The copy must hold exactly the lines from the one with "VENTA DEPARTAMENTO MONOAMBIENTE" through the end of the listing below, and nothing else, with no pictures.
Top of Data extract
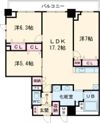 TUNAMAYO RESIDENCE（ツナマヨレジデンス）の間取り画像
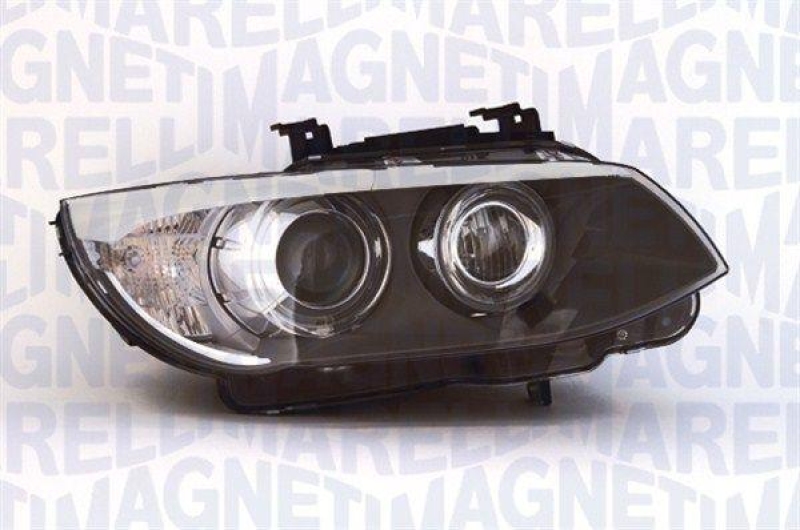 MAGNETI MARELLI Headlight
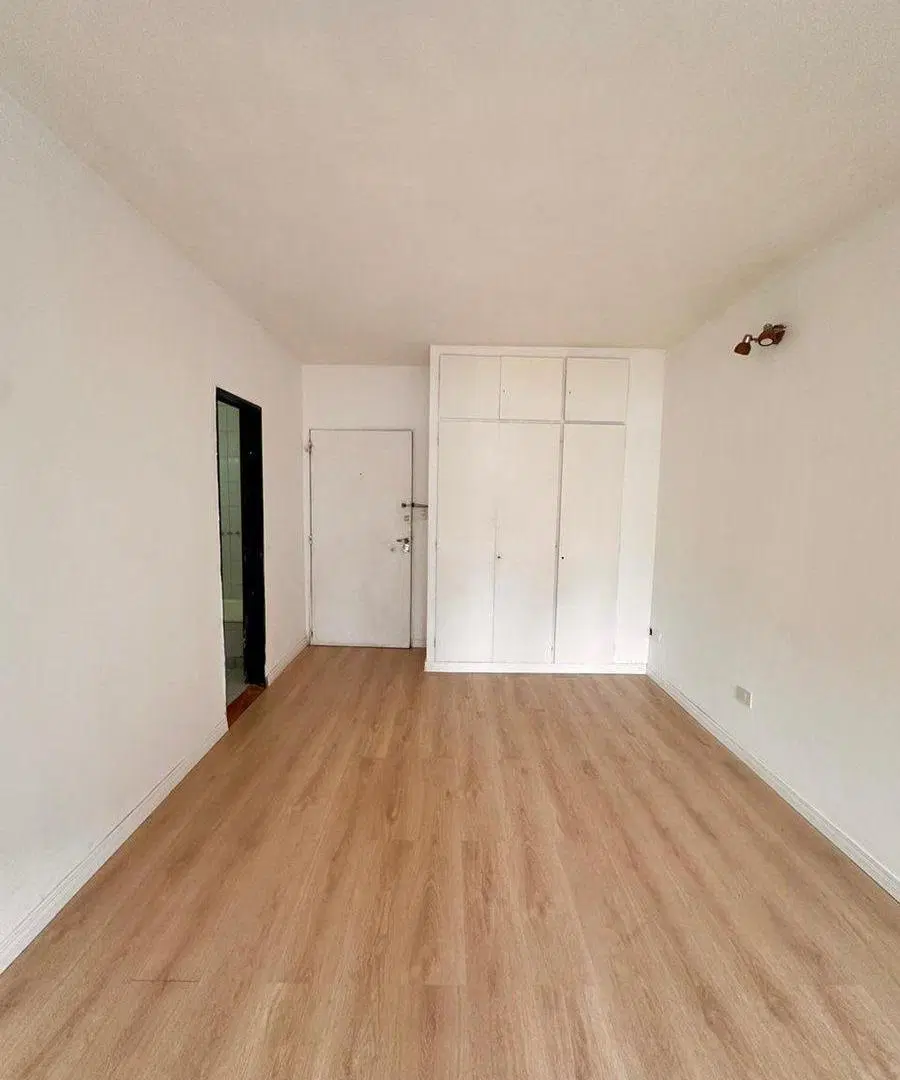 VENTA DEPARTAMENTO MONOAMBIENTE  EN SAN CRISTOBAL 2
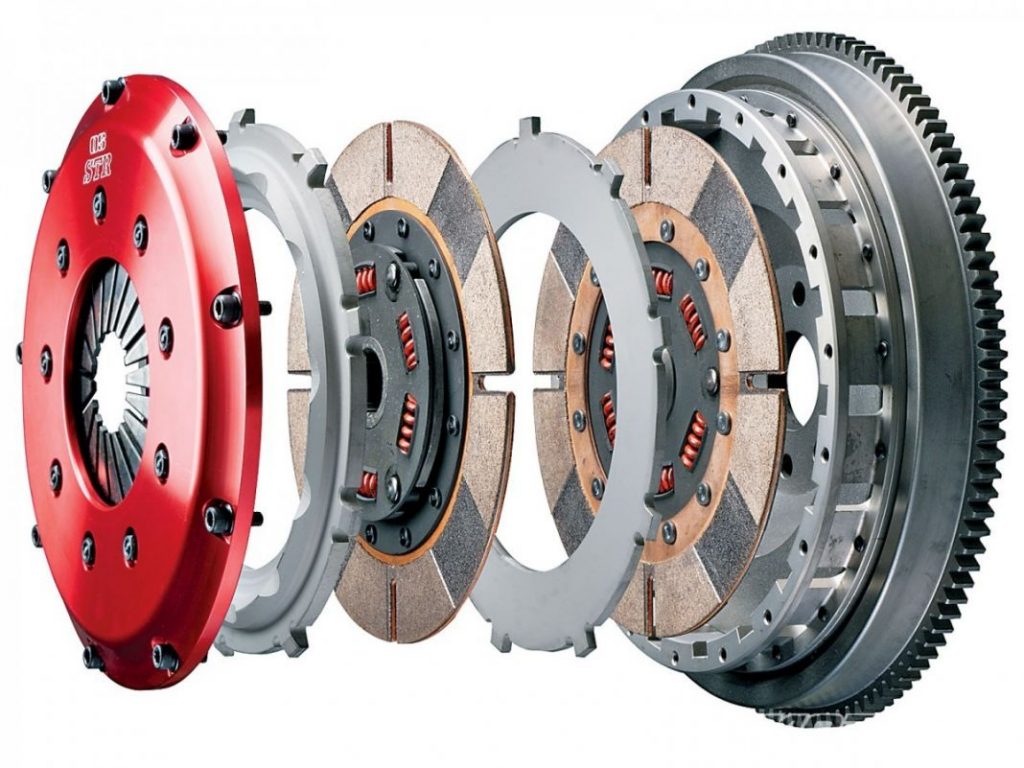 embrague 2 1 Motor16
Bottom of Data extract
**Exercise output**
 VENTA DEPARTAMENTO MONOAMBIENTE  EN SAN CRISTOBAL 2
 embrague 2 1 Motor16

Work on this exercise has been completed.